The Japanese have a saying that they got from the Chinese that I mention from time to time: ningen banji, saiou-ga-uma (nin-gen BAHN-gee, sai-OH ga OO-mah), which literally means "all things in human affairs are like Saiou's horse." Saiou was a guy whose horse ran away one day, and when everyone said what a bad thing that was, he asked "How do you know for sure?" The next day, the horse returned with another one, so it was good luck, right? Then Saiou's son falls off the new horse and breaks his leg, which was a bad thing. But because of his injury, he didn't have to ride off to war the next day and be killed. It just goes to show that you can't tell if something will turn out to be good or bad in the end. If, for example, you're injured in a car accident, it might really have been a good thing, since a more serious accident or worse was avoided -- which can really change how you view events over the course of your life.

This is all a clever segue to talk about the trip my daughter was supposed to take with her fifth grade class this summer, which I mentioned here a few months ago. All kids in the fifth grade take a trip in the summer called Seaside School where they learn about the sea and have fun with their friends (they have it in high school, and it's also a common plot device in anime and dating-sim games).
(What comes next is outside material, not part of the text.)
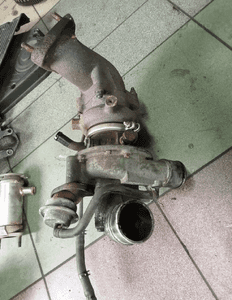turbosprężarka terracan 2.9 crdi 2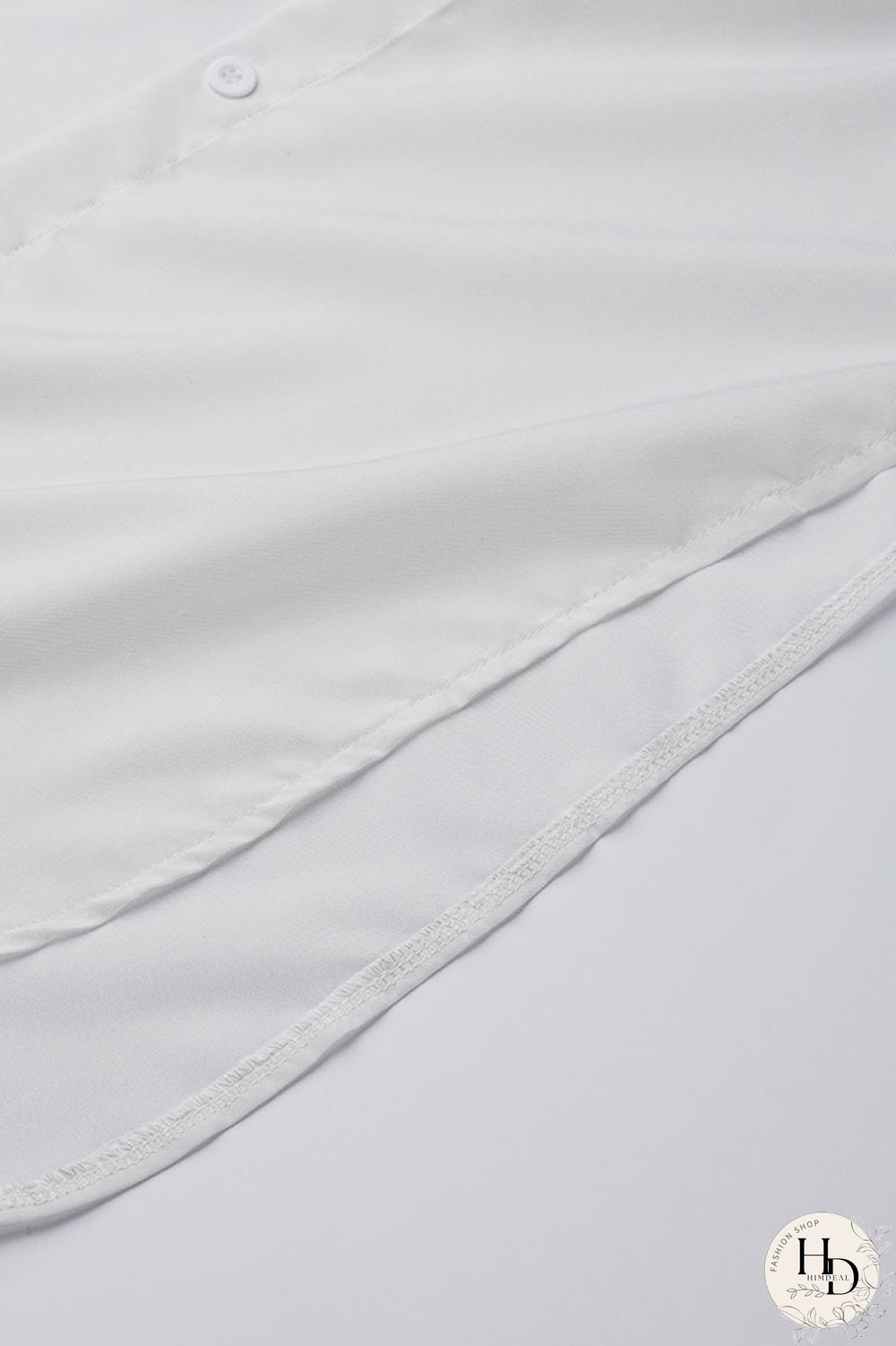 Black Pink Casual Print Patchwork Slit Turndown Collar Tops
Because my daughter spends most of the summer in the U.S. doing "American kid" things like horseback riding at Girl Scout Camp, she wasn't going to be able to attend Seaside School, and we got some pressure from the school to "get with the group" even if it meant changing our plans for the summer. (The trip was smack dab in the middle of Japan's six-week long summer break, making tweaking our schedule a little difficult.) We debated the issue back and forth and got a lot of useful advice from readers (thanks!), but in the end we decided that we had to choose the U.S. since my little girl gets so little time to practice her English otherwise, and we're especially concerned about keeping her reading up to speed. It turned out to be the best decision we could have made, since the place where the fifth graders were to have gone was Kashiwazaki, Niigata Prefecture, on the Sea of Japan side of the country. Which just happens to be the location of the nuclear power plant that spilled radioactive material during the offshore earthquake two weeks ago, causing Seaside School to be cancelled, nuclear waste one of those things parents aren't too keen on. All in all, we're quite happy with the decision we made, even though it was hard to choose between Japan and the U.S.



For the record, it's hot, hot, hot in Japan right now, with the kind of humidity I think of as "East Coast summer weather" from my days living in Maryland and Virginia. Japan has just about the best air conditioning technology in the world, enabling the J-List staff to stay cool enough for the most part while we work, although this doesn't help us at home, where walls and ceilings are still torn up from the remodeling work we're doing -- no air conditioning, except for one cramped room of our house. One of the most memorable sounds of summer in Japan are cicadas, called semi in Japanese (although I joke that they're so loud, they're "auto" -- sorry), happily singing their semi song while they bask in the heat, which they're doing right outside my window right now -- if you want to hear what they sound like, view the movie on the J-List main page. Japan is a country that really values its four seasons, and a whole class of poems have been composed about enjoying the little differences between this season and that. The Japanese love to celebrate the imagery of each season...cicadas and eating shave ice in the summer, the beautiful colors of the leaves in the autumn, eating piping hot baked sweet potato in the winter, and getting drunk with friends with the cherry blossoms falling around you in the spring. Ah, living in Japan is fun.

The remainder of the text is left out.